### YOUR ASSIGNMENT
Among the entries below, count the lines with "diagram" in them and state the total without comment.

#### SUPPLIED RECORDS

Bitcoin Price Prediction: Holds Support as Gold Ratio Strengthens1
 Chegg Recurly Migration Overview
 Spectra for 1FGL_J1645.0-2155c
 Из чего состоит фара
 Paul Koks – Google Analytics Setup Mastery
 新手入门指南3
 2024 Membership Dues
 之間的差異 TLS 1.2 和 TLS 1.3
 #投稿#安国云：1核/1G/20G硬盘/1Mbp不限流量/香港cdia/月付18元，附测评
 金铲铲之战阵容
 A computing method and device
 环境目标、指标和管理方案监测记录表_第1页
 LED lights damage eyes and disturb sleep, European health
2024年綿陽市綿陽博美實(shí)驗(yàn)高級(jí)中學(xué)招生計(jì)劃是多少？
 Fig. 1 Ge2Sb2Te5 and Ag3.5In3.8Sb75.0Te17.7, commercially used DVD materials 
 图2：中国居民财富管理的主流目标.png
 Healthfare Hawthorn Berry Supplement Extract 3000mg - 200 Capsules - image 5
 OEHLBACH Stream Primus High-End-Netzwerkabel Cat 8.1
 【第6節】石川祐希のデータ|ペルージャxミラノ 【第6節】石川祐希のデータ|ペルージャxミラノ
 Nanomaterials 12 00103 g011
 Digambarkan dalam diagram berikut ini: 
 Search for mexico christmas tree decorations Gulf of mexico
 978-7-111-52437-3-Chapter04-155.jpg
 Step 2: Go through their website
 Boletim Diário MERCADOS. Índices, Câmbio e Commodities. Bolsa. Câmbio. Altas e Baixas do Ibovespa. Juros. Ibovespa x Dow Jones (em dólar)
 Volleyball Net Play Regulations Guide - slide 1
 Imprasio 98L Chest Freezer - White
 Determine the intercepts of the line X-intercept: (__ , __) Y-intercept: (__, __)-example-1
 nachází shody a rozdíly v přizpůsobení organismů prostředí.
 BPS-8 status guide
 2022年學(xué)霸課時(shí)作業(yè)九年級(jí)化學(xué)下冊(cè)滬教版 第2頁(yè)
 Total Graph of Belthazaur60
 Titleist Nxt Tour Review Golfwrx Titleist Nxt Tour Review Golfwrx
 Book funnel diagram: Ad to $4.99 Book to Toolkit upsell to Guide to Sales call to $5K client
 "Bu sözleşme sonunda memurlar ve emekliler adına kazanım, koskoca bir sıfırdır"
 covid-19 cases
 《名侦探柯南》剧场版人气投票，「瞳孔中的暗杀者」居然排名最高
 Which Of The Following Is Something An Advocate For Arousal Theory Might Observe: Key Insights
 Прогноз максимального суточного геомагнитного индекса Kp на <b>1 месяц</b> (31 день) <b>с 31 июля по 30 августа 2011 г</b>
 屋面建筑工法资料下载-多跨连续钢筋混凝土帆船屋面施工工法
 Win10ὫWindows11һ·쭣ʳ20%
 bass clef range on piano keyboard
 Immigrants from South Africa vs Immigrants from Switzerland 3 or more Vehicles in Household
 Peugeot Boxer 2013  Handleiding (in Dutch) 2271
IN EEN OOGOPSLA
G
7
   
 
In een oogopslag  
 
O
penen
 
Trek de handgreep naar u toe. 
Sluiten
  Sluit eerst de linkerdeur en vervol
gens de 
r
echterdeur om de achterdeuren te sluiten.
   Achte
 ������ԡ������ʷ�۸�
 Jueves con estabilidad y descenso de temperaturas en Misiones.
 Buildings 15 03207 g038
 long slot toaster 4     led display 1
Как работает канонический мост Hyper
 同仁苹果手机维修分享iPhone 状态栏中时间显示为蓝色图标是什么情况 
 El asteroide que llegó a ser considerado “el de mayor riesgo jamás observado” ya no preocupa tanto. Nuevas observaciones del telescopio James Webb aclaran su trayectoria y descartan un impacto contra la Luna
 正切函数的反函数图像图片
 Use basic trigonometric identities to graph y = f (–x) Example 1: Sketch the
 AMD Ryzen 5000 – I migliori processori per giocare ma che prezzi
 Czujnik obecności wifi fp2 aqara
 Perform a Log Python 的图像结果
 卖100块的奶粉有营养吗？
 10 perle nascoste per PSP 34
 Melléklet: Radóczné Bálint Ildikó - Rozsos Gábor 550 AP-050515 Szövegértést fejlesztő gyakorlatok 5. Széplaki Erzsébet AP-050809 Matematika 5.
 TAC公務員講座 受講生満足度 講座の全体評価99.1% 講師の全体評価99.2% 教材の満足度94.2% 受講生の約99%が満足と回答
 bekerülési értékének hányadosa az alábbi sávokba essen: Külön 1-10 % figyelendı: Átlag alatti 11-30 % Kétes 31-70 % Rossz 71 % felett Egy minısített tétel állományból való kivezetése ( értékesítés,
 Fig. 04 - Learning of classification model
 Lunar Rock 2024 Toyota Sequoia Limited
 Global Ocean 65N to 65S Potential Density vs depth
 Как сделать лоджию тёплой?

########

### SOLUTION TO THIS PROBLEM
2